BEGIN Dataset excerpt
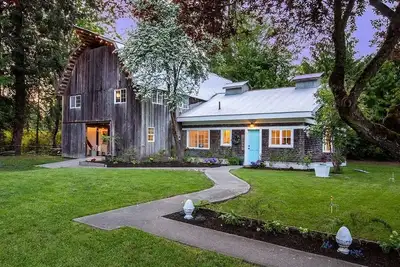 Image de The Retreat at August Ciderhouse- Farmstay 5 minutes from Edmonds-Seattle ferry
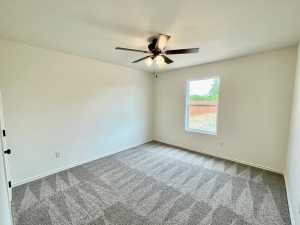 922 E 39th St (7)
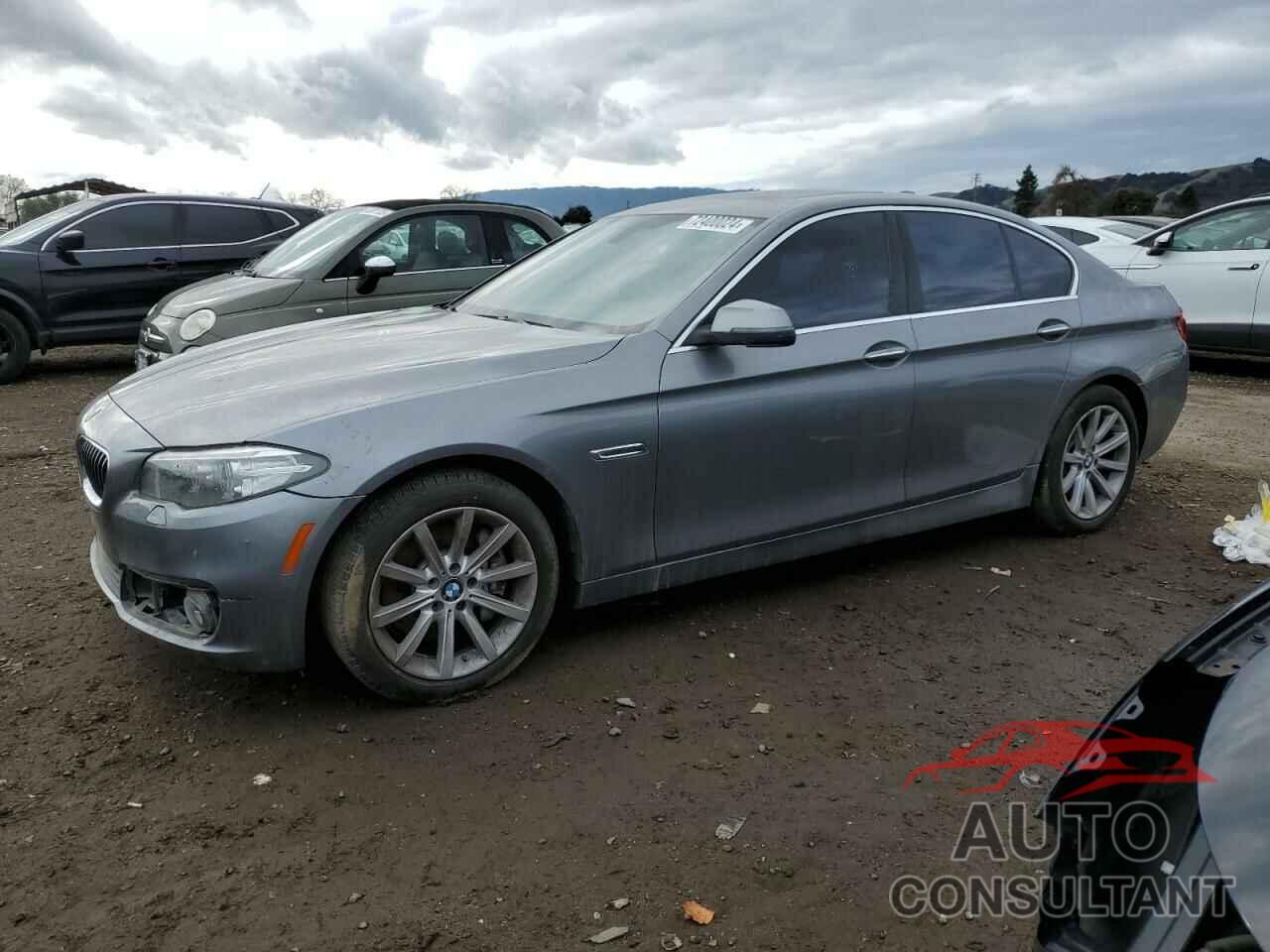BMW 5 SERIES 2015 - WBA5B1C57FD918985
END Dataset excerpt
**What is being asked:**
Every line of the material is to be quoted exactly, with no pictures carried over.

**Exercise solution:**
 Image de The Retreat at August Ciderhouse- Farmstay 5 minutes from Edmonds-Seattle ferry
 922 E 39th St (7)
BMW 5 SERIES 2015 - WBA5B1C57FD918985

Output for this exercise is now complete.